When they were nine years old, she brought them before a magnificent marble pedestal upon which rested a golden orb with silver leaf and stem, encased in a cage of glass. They had never wanted anything in their lives with such a fierce, soul-consuming hunger.
“This apple takes the form of a person’s strongest desires. Anyone who wields it controls whoever they please, as no one is able to resist its thrall. When you turn eighteen, one of you shall claim it as your prize. Until then, you will do everything in your power to impress me.”
For nine long years they competed in weightlifting, swordplay, footraces. The girl crushed her brother to dust in every arena. She relished in holding her victories above his head. So sure was she that the apple was hers, she would lick her lips and grin, swearing she could already taste it.
Once as they raced under the unrelenting sun she hung back to taunt him, breezily keeping pace while his limbs strained and his lungs burned themselves to ash.
“Wish Mother had abandoned you at birth,” she said, sticking out the tip of her tongue at him from between her small, sharp teeth.
“Wish I ate you in the womb,” he grumbled back, moving to elbow her in the rib. She hopped nimbly out of the way, his momentum making him stumble and lose his footing. He knelt clutching his skinned knees, palms slippery with blood. From the ground, he watched her cross the finish line and leap into their father’s outstretched arms while their mother’s lidded gaze rested on him, a stormcloud of disapproval.
The night before their eighteenth birthdays, their mother named their final test. Tomorrow at first light they would outfit themselves with their most deadly weapons and slaughter an ogre. The child who landed the death blow would reign victorious. There was no rule that the other had to survive.

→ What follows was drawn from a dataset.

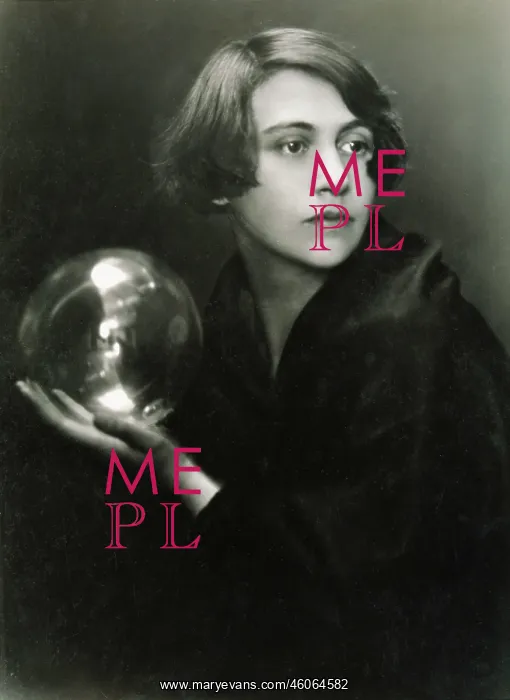 : Study Girl with Glas Sphere : Study Girl with Glas Sphere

At dawn they awoke to find the girl missing from her bed, all the precious heirlooms robbed from their home and the golden apple thieved from its impenetrable pedestal, the unbreakable glass case hanging open on its hinge.
Their mother looked underwhelmed and disappointed, standing in her bathrobe with her bare feet against the cold marble floor.
“She lost.” Said the father, stunned with disbelief. He returned his son’s questioning look with a withering stare, so used to being let down that he knew the boy hadn’t figured it out, even then. “The test isn’t about who wins the apple.
“It’s about who resists it.”
It had been a decade with not so much as a word from the twin with whom he once shared a womb.
All of those years they had spent competing, the miles stretching wider between them. His was a struggle that could have never come to any fruition—it had never been the apple that he was fighting for. But things like love and acknowledgement were nothing to his sister, so she had nothing to hold her back and nothing to lose. That was why she always won. Life was a game for her, rigged perpetually in her favor. When everything always goes your way and victory is always within your grasp, waking up begins to lose its spark.
He’d heard rumors she ran among bad company now, the leader of a band of petty thieves. He doubted she was satisfied with that kind of life. When he closed his eyes he pictured her lying awake at night, back against the wall and one eye on the door, apple clutched in her fists, the envy of all kinds of criminals who would gladly kill to taste it, and wishing to god she had never laid hands on the one thing that made life so easy she could not see the point in holding on anymore.
In the end, that apple had its way with the both of them.